SOURCE DATA —
☆ ☆ ☆ ☆ ☆ ☆ ☆

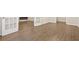 Bright living area featuring hardwood floors, neutral paint, and glass french doors at 2317 Rocksram Ct, Buford, GA 30519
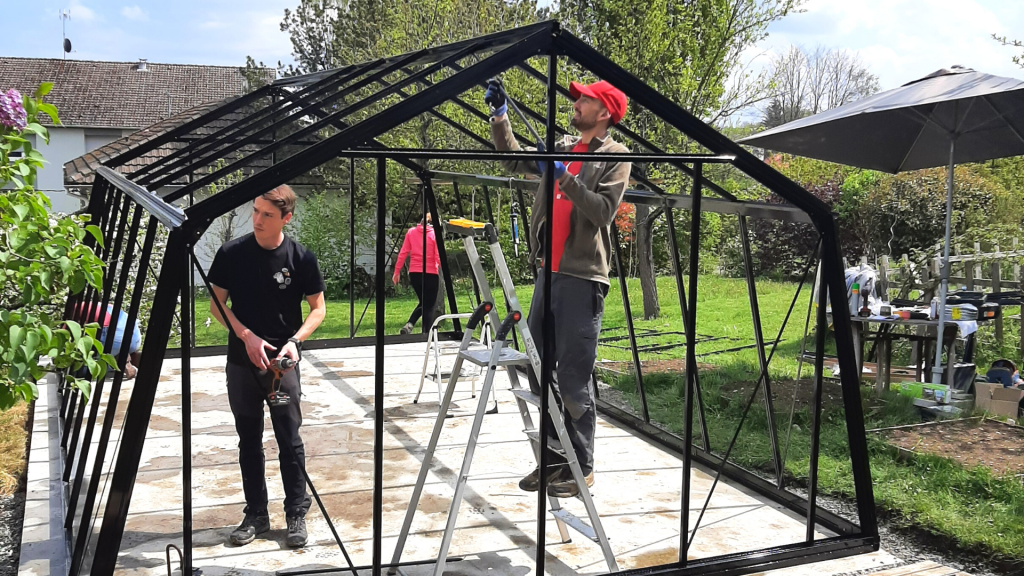 Myfood teams installing a greenhouse at a pioneer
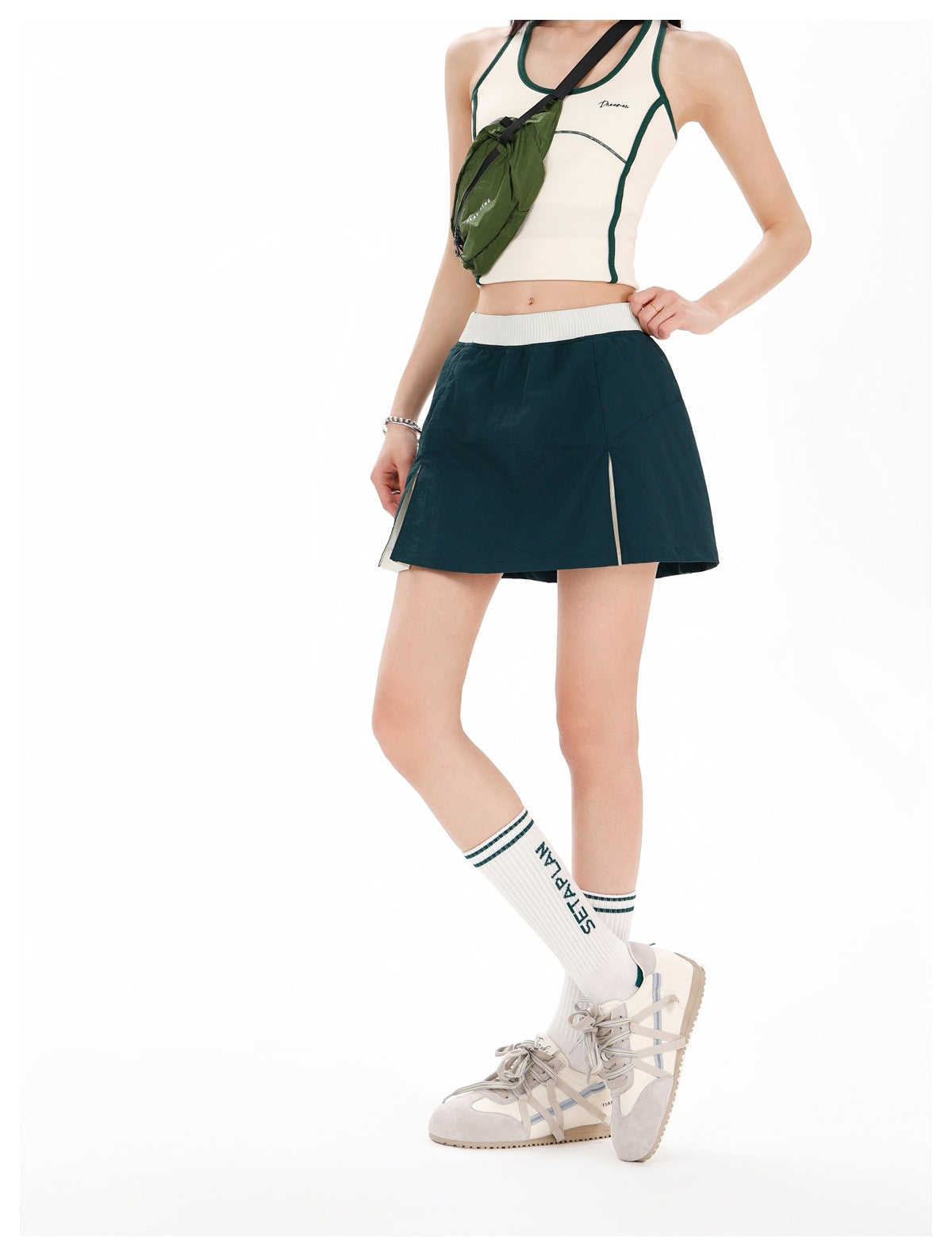 Model wearing a dark teal athletic skirt with a white waistband and narrow light-colored side insets, shown at a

☆ ☆ ☆ ☆ ☆ ☆ ☆

WHAT YOU SHOULD DO — Line by line and exactly, reproduce the span from the line with "Myfood teams installing" through the end of the data above, both ends included, with pictures left out.

TASK RESPONSE —
 Myfood teams installing a greenhouse at a pioneer
 Model wearing a dark teal athletic skirt with a white waistband and narrow light-colored side insets, shown at a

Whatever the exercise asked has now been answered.